(Exercise input begins)
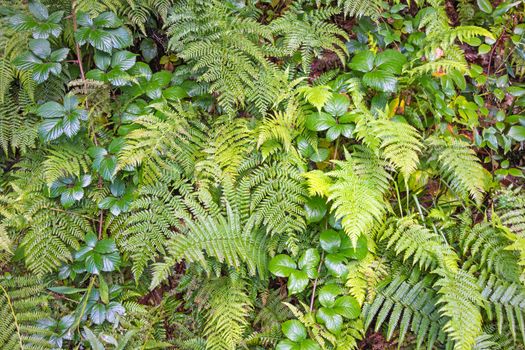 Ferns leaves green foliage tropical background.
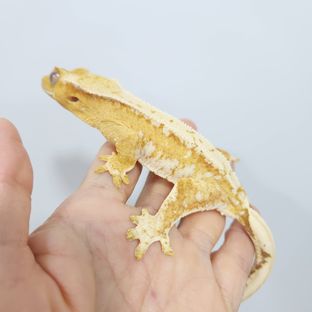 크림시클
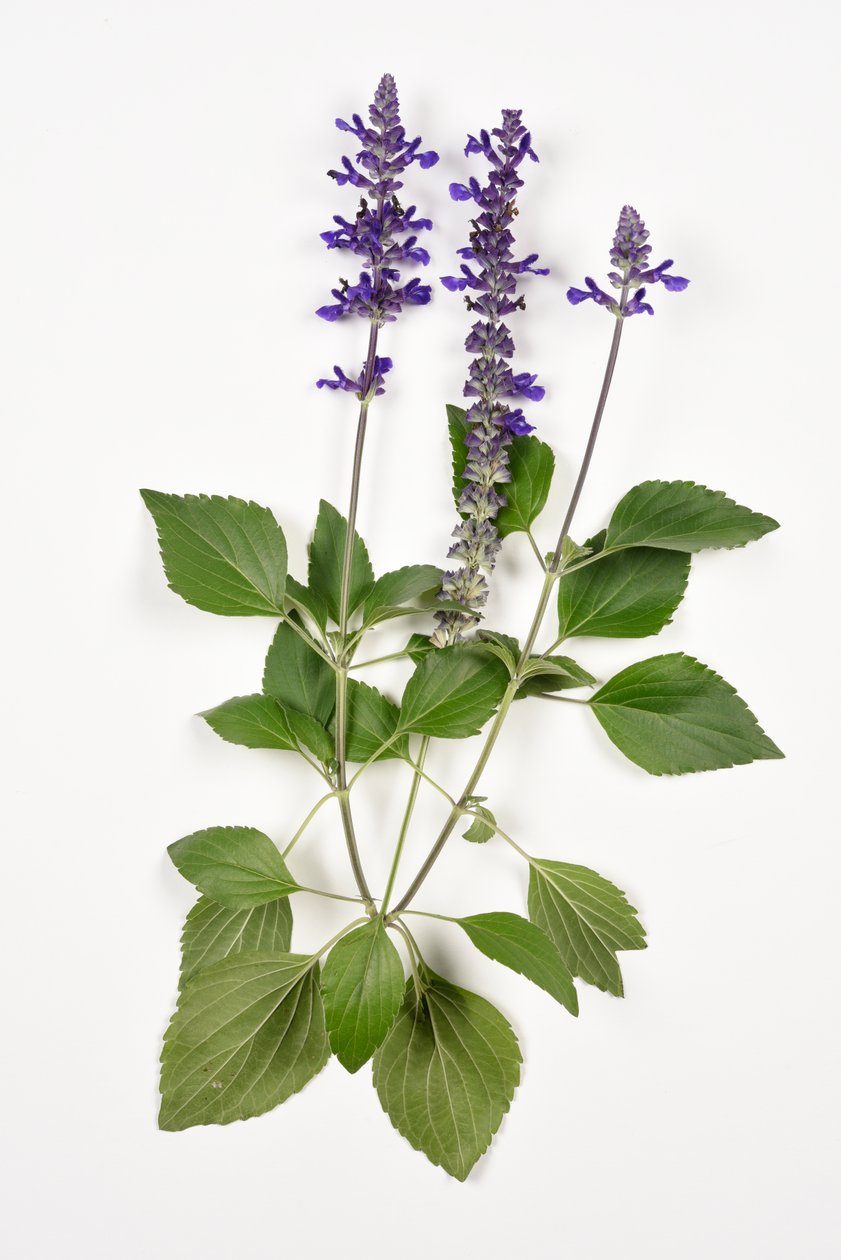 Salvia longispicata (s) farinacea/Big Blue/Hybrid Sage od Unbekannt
(Exercise input ends)
(Exercise input begins)
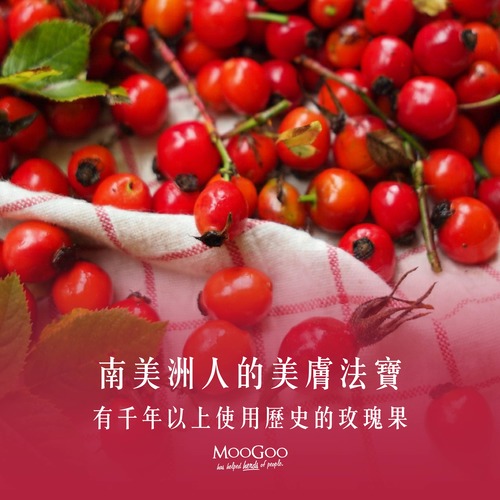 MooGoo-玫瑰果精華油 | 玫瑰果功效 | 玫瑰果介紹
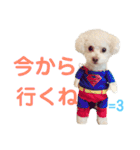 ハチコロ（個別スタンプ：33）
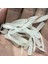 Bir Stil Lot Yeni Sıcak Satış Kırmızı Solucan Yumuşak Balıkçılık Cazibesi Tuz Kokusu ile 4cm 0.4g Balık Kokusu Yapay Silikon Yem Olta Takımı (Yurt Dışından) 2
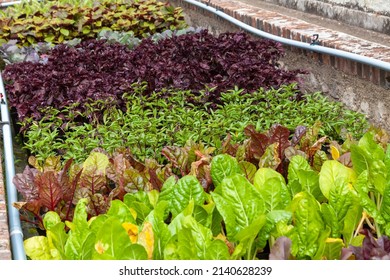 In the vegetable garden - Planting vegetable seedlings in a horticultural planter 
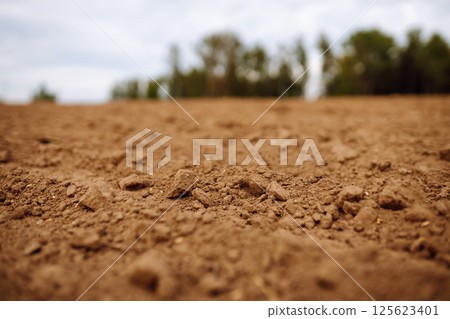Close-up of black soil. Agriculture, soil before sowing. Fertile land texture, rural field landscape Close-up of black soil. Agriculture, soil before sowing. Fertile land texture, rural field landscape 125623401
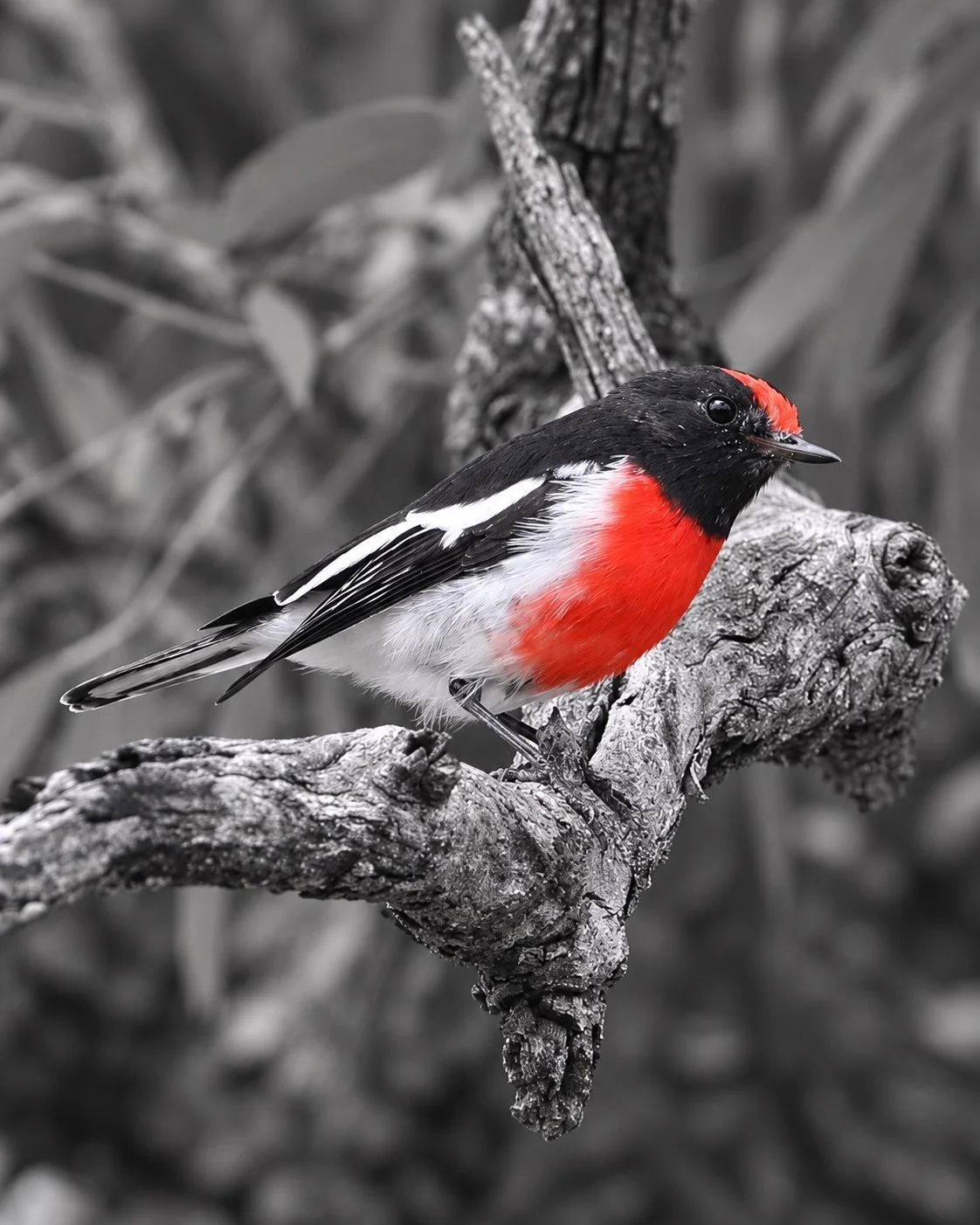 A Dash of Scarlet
(Exercise input ends)
(Exercise input begins)
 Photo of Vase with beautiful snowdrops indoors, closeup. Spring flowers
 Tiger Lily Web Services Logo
(Exercise input ends)
#### [Description of the task]
In the records above, copy exactly everything from the line that has "Ferns leaves green" down to the line that has "Salvia longispicata (s)", both ends included, and leave out the pictures.

#### [Response to the task]
 Ferns leaves green foliage tropical background.
 크림시클
 Salvia longispicata (s) farinacea/Big Blue/Hybrid Sage od Unbekannt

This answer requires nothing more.